> _TASK INSTRUCTIONS_
Every line between the top of the data below and the line with "3218 Rothesay Road, Rothesay, NB", both ends included, must be retyped exactly.

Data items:
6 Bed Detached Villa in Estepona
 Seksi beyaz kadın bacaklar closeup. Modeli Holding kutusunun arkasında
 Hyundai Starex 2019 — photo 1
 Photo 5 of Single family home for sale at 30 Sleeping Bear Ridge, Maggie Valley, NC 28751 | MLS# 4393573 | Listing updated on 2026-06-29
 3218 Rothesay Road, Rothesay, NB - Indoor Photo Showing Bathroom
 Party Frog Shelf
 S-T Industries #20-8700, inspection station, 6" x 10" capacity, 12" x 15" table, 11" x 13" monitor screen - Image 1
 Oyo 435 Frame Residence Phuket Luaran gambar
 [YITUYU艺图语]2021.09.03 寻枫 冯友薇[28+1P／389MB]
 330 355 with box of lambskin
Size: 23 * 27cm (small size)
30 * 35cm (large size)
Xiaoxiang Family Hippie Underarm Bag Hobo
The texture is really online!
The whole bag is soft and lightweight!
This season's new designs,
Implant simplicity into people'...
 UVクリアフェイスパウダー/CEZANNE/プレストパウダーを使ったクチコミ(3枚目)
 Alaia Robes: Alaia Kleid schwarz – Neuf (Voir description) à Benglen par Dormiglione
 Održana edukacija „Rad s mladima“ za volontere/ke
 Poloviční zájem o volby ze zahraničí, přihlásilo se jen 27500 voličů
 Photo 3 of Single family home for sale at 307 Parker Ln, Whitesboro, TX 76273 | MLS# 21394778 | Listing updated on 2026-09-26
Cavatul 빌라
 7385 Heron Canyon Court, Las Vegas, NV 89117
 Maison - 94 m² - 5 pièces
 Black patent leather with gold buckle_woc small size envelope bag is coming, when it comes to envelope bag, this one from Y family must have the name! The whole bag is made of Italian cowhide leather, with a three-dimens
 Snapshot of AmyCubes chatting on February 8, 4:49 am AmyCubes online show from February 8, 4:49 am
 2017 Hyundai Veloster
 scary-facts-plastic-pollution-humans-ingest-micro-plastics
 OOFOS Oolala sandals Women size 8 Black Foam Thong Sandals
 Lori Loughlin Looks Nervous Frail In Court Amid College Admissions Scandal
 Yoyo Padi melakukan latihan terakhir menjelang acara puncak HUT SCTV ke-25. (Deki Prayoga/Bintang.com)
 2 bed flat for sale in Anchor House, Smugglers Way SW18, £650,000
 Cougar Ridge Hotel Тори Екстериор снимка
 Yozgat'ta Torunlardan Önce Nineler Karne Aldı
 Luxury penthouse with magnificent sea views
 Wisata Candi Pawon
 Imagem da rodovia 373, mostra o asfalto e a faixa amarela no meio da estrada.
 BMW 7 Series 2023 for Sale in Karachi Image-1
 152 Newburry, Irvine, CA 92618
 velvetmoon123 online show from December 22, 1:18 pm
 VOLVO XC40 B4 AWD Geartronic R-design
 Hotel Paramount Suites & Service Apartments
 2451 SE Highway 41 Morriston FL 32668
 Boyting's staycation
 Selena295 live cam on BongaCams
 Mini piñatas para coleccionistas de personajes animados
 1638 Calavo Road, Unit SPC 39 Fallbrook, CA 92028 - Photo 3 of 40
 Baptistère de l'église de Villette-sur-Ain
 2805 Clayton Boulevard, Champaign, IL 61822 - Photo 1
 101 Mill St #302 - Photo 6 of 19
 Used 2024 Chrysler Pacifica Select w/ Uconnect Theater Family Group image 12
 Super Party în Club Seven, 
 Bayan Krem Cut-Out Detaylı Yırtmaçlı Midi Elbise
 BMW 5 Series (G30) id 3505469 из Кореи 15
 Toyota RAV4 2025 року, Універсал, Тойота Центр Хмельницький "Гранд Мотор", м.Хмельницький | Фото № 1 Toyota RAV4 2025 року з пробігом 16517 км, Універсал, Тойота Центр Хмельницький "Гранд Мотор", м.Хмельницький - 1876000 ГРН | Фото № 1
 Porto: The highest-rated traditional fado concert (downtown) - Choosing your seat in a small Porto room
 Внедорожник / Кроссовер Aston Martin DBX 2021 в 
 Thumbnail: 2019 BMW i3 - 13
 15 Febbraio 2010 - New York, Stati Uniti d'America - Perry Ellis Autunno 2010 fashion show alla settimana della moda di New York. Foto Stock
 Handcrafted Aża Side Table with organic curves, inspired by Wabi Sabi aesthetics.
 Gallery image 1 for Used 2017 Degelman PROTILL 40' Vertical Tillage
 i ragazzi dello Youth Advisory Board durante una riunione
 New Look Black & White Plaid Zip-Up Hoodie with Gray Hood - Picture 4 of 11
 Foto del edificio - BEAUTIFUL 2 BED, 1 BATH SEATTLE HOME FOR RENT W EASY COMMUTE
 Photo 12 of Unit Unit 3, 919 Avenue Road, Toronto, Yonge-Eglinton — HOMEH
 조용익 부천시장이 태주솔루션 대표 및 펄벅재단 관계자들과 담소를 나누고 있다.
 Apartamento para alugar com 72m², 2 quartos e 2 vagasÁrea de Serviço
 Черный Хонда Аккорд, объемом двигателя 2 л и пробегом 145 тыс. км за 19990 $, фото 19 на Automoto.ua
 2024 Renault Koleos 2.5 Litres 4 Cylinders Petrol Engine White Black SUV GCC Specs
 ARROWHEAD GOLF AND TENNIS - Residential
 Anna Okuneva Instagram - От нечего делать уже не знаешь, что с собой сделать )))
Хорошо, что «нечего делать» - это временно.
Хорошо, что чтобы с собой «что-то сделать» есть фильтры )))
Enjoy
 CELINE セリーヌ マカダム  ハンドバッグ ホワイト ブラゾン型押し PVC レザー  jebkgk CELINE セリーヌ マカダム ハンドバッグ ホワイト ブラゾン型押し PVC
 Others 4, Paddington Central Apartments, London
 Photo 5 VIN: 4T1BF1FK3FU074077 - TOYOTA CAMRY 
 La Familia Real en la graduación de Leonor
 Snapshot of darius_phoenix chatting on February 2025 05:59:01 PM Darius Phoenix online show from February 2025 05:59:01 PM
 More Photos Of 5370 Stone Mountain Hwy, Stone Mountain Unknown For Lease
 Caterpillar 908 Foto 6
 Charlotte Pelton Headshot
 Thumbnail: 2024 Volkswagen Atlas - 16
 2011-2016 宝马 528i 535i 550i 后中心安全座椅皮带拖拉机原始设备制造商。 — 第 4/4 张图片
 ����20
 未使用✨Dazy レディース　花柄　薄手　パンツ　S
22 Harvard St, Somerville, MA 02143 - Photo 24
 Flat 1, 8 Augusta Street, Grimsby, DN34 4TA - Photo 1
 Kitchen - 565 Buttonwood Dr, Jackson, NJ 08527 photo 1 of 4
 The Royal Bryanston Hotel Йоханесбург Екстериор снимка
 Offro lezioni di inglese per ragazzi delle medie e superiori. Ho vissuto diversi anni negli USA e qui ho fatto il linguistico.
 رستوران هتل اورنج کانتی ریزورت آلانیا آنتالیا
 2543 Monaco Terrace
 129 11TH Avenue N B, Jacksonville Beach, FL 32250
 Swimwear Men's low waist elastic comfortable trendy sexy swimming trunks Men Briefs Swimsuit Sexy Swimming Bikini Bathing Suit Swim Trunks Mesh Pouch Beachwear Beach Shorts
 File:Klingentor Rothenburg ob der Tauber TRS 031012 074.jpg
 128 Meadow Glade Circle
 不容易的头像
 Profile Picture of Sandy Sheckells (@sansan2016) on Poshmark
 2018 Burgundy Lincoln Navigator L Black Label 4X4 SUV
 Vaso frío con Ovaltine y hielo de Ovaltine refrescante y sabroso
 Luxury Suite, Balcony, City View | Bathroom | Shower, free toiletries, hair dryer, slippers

> _TASK RESULT_
6 Bed Detached Villa in Estepona
 Seksi beyaz kadın bacaklar closeup. Modeli Holding kutusunun arkasında
 Hyundai Starex 2019 — photo 1
 Photo 5 of Single family home for sale at 30 Sleeping Bear Ridge, Maggie Valley, NC 28751 | MLS# 4393573 | Listing updated on 2026-06-29
 3218 Rothesay Road, Rothesay, NB - Indoor Photo Showing Bathroom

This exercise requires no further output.